1.4. Outliers¶
Although outliers are often visually obvious to those familiar with the data, there is no strict mathematical definition. We define an outlier as any value that is an extreme distance from the other values in a data set based on the context of the problem. This implies that deciding what is and is not an outlier is somewhat subjective and requires domain understanding. Detecting and dealing with outliers is an important step in exploratory data analysis, as extreme values can have an out-sized impact on summary statistics and statistical models.

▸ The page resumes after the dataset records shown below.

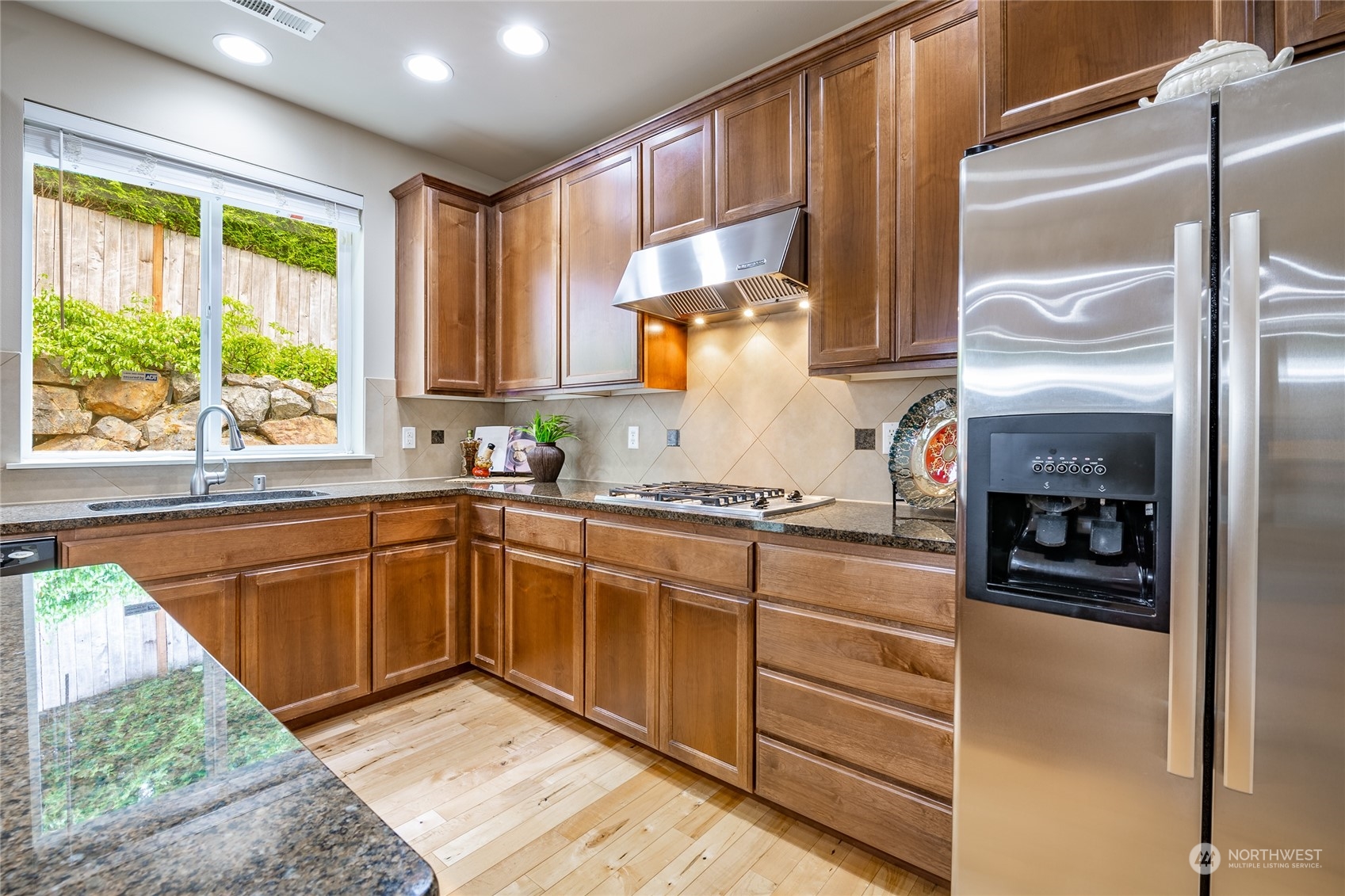 22831 36th Drive Southeast Bothell, WA 98021 - Photo 7 of 40 a kitchen with granite countertop a refrigerator and a sink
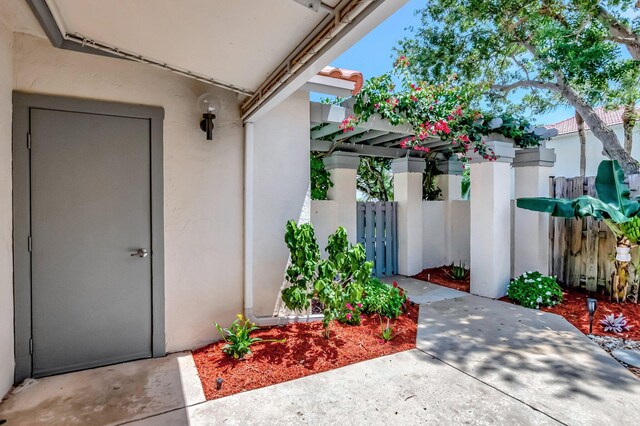 21687 Cromwell Cir, Boca Raton, FL 33486 - entrance to property featuring stucco siding, fence, a patio area, and a pergola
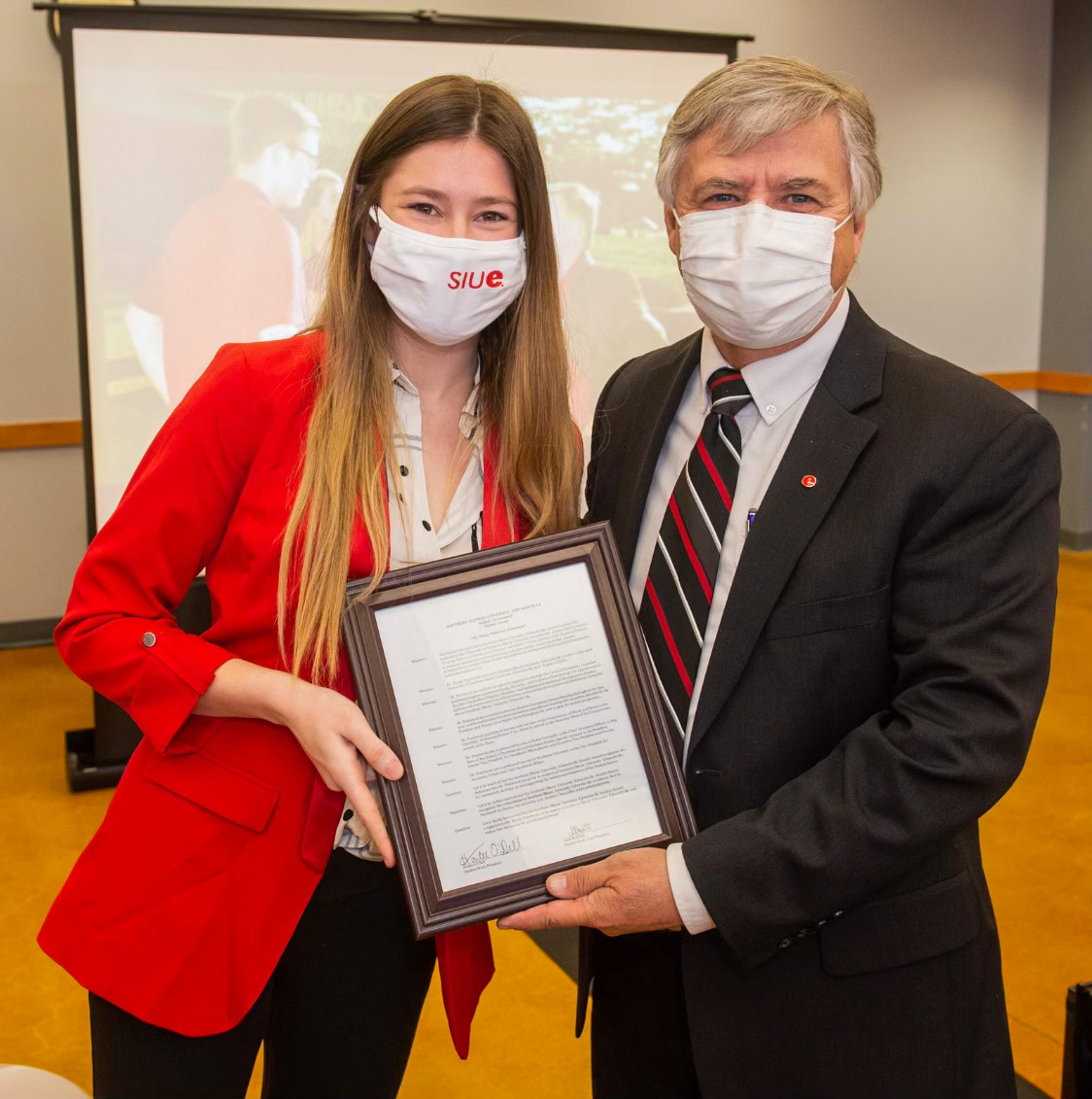 SGsiue's tweet photo. In honor of Dr. Pembrooks retirement, on February 25, President Hailee O'Dell presented the resolution that Student Government passed. This resolution recognized his achievements at SIUE which furthered the universities mission and values. We wish Dr. Pembrook a great retirement. https://t.co/WYxkiQP8jA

One common rule-of-thumb for detecting outliers for quantitative variables is known as the 1.5 IQR rule. If you review the definition of a boxplot, you will see that points that fall beyond the boxplot’s “whiskers” are considered outliers. As previously stated, the whiskers are defined as Q1 – 1.5(IQR) and Q3 + 1.5(IQR). Note that the IQR rule only applies to quantitative variables, and there is no clear concept of outliers for categorical data
Once an outlier has been identified, how should it be addressed? Removing any observation from a data set, particularly an outlier, will fundamentally change the analysis. Therefore, it is important to think carefully about what data are removed, and carefully document how the data are processed. The most straightforward types of outliers to deal with are data entry errors, which occur when a data point is recorded incorrectly. These outliers can simply be corrected. For outliers that are not the result of a data entry error, there are several different solutions:
Use statistical techniques that are robust to outliers;
Exclude the outlier if it can be shown that it is not part of the population of interest;
Perform the analysis with and without the outlier(s) and evaluate whether the conclusions are consistent.
The third approach is particularly useful if there are significant concerns about removing observations.